Jesus referring to himself as the "better portion" and as the necessary "one thing" reminds me of his words to the crowds in John 6. After he multiplied a little boy's lunch offering of five barley loaves and two fish and with it fed over five thousand people, Jesus proceeded to tell the temporarily satiated multitude that it actually he, the Son of Man in the flesh, who is the "bread of life" who can satiate our gnawing hunger and appetite for immortality and peace with God. 

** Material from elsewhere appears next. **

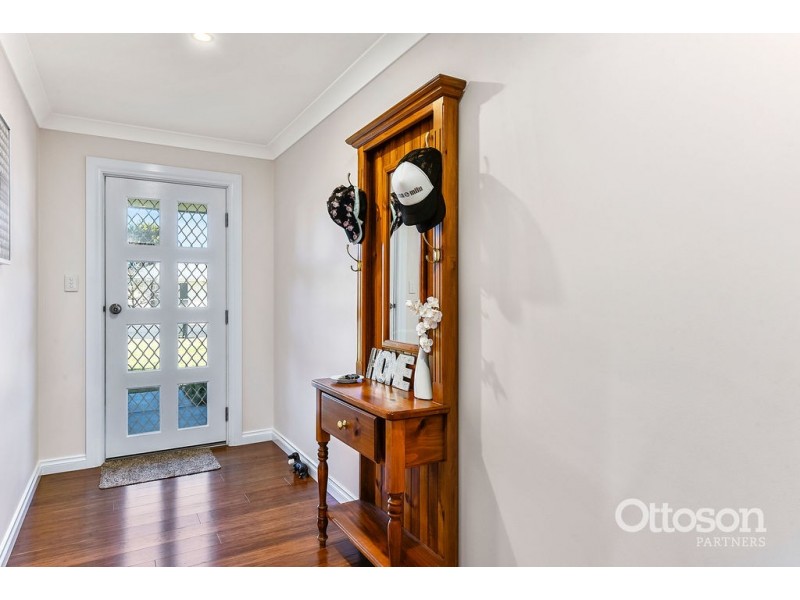 2 Pallant Close, Naracoorte SA 5271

Hundreds of years before the Messiah, Jesus, arrived on the scene Isaiah prophesied these words: 

  Come, all you who are thirsty
come to the waters;

and you who have no money,
    come, buy and eat!
Come, buy wine and milk
    without money and without cost.
Why spend money on what is not bread,
    and your labor on what does not satisfy?
Listen, listen to me, and eat what is good,
    and you will delight in the richest of fare.
Give ear and come to me;
    listen, that you may live.

Mary is a living witness of obedience to this word of Isaiah. She was aware of her own hunger and thirst and recognized in Jesus the incarnational fulfillment of Isaiah's prophecy. She chose to delight herself in the rich fare of Jesus' presence. The house guests, the cleaning, the food prep, it didn't matter. She was focused on her one thing - the only one thing who truly stills the troubled waters of a turbulent, tortured and restless soul. 

But...life. We wake up to whining children, hungry bellies, to a full inbox, dirty dishes piled in the sink, to depressing headlines, a dwindling bank account, to unemployment, unfinished books, and growing to-do lists.

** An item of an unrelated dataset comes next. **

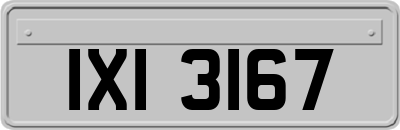 IXI3167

That is life. I don't hear Jesus saying we are to ignore responsibility. Obviously that would go against the grain of his teaching. But we are invited to cultivate a fertile garden of attentive and needful simplicity in the midst of the wild and harsh landscape in this east-of-Eden exilic terrain in which we sojourn. We will never be able to do it all or accomplish it all. As the wise sage once wrote in Ecclesiastes, "the eye never has its tire of seeing and the ear its fill of hearing."

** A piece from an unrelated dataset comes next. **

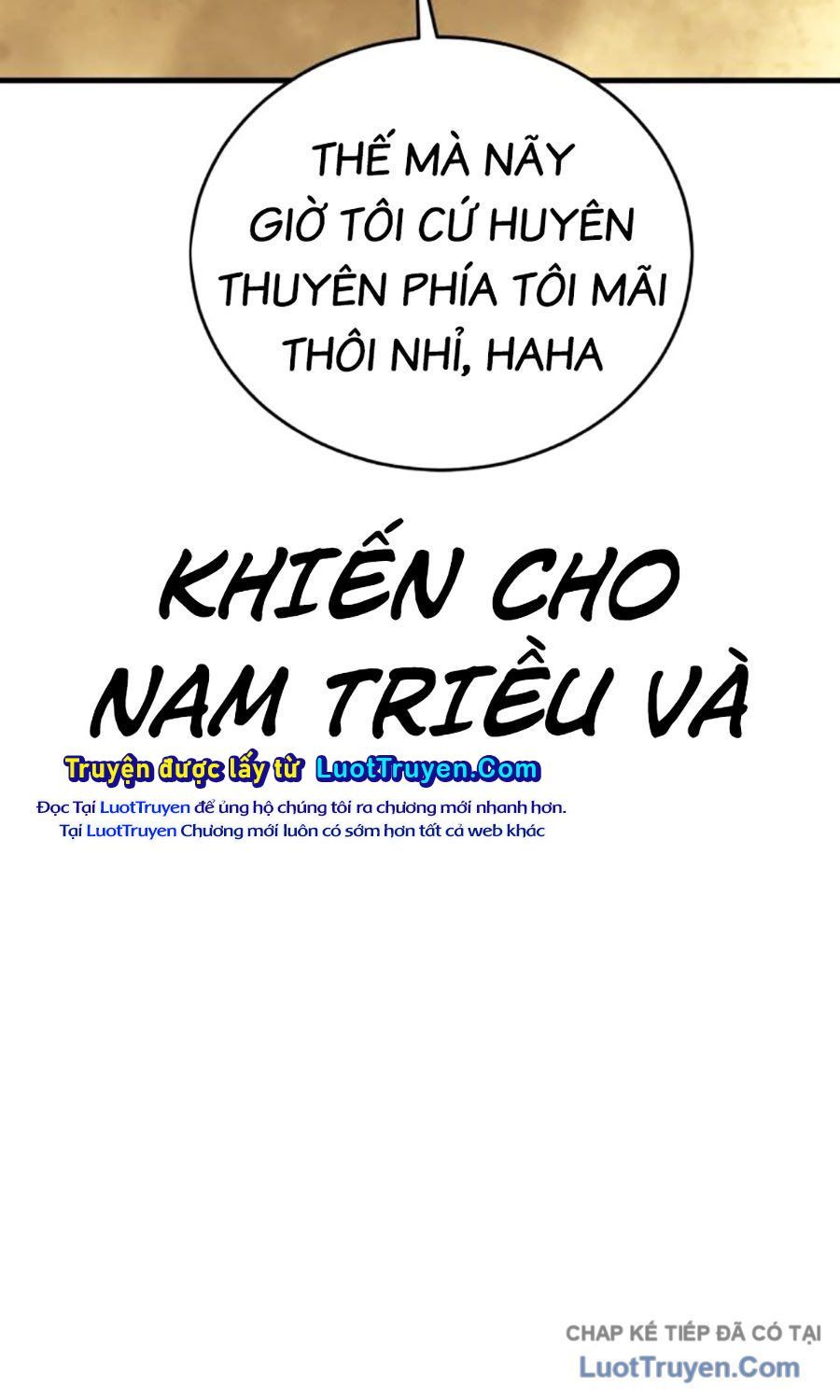 Bố Tôi Là Đặc Vụ Chapter 218 - 174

I will close this reflection with two parting words. One from the author of the letter to the Hebrews and the other, a stanza from the mid-19th century American Shaker hymn.

"...let us run with perseverance the race marked out for us, fixing our eyes on Jesus, the author and finisher of faith. For the joy set before him he endured the cross, scorning its shame, and sat down at the right hand of the throne of God."

'Tis the gift to be simple, 'tis the gift to be free,
'Tis the gift to come down where we ought to be,
And when we find ourselves in the place just right,
'Twill be in the valley of love and delight.
When true simplicity is gain'd,
To bow and to bend we will not be asham'd,
To turn, turn will be our delight,
Till by turning, turning we come round right.